%% 10. Best approximation
ATAPformats
%%
% An old idea, going back to Chebyshev himself and earlier to Poncelet, is
% to look for a polynomial $p^*$ of specified degree $n$ that is the _best
% approximation_ to a given continuous function $f$ in the sense of
% minimizing the $\infty$-norm of the difference on an interval [Poncelet
% 1835, Chebyshev 1854 & 1859]. (A best approximation is also called a
% _Chebyshev approximation,_ but we shall avoid this usage to minimize
% confusion. Other terms for the same idea include _minimax_ and _equiripple._) It is known that
% $p^*$ exists and is unique, as we shall prove below.

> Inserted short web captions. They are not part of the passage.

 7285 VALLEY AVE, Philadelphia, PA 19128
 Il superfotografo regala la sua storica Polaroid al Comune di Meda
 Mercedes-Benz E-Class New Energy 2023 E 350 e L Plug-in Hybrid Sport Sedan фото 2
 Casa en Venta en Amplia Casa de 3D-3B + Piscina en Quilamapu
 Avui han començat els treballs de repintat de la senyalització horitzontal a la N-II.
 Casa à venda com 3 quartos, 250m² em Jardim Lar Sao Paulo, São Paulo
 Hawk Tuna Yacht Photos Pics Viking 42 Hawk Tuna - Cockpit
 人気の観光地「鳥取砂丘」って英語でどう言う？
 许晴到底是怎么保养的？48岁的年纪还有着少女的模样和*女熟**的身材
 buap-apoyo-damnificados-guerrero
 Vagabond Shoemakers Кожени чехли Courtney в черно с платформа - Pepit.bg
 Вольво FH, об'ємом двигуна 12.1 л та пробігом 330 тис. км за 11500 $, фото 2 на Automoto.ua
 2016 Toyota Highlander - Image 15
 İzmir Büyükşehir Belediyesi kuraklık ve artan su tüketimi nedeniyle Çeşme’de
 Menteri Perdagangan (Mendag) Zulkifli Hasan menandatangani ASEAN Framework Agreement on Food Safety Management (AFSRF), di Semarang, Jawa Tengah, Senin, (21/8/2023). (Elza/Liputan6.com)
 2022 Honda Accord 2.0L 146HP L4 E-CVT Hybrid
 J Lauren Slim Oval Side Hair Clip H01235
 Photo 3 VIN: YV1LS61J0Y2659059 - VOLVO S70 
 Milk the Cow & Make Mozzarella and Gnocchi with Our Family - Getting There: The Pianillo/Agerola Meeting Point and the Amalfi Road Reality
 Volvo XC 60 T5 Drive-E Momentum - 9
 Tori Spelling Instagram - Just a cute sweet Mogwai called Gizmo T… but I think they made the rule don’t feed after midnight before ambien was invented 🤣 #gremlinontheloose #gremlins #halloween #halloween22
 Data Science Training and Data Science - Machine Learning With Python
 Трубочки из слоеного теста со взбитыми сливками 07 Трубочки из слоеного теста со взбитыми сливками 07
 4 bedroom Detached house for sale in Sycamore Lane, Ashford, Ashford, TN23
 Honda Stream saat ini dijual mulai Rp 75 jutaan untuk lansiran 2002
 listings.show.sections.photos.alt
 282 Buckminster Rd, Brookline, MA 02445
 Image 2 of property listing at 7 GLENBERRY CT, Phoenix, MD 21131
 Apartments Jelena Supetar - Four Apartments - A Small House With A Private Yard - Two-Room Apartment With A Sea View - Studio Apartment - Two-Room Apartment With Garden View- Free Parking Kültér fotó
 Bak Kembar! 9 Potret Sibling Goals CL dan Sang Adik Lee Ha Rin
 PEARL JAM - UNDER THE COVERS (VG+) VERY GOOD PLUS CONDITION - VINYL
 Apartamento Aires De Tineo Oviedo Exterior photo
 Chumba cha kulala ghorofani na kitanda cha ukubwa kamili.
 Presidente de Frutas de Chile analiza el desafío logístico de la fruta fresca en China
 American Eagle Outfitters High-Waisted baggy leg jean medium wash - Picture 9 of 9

There is a Chebfun
% command |remez| for computing these approximants, due to Ricardo
% $\hbox{Pach\'on}$: if $f$ is a chebfun, then |remez(f,n)| is the chebfun
% corresponding to its best approximation of degree $n$. For details see
% $\hbox{[Pach\'on}$ & Trefethen 2009].
%%
% We shall argue in Chapter 16 that best approximations in the
% $\infty$-norm are not always as useful as one might imagine; Chebyshev
% interpolants are often as good or even better. Nevertheless, they
% represent an elegant and fundamental idea and a line of investigation
% going back more than 150 years. So for the moment, let us enjoy them.
%%
% For example, here are the best approximants of degree 2 and 4 to $|x|$,
% together with their _error curves_ $(f-p^*)([-1,1])$:
%%
% \vskip -2em
x = chebfun('x'); f = abs(x);
for n = 2:2:4
subplot(1,2,1), hold off, plot(f,'k'), grid on
[p,err] = remez(f,n); hold on, plot(p,'b'), axis([-1 1 -.2 1.2])
FS = 'fontsize';
title(['Function and best approx, n = ' int2str(n)],FS,9)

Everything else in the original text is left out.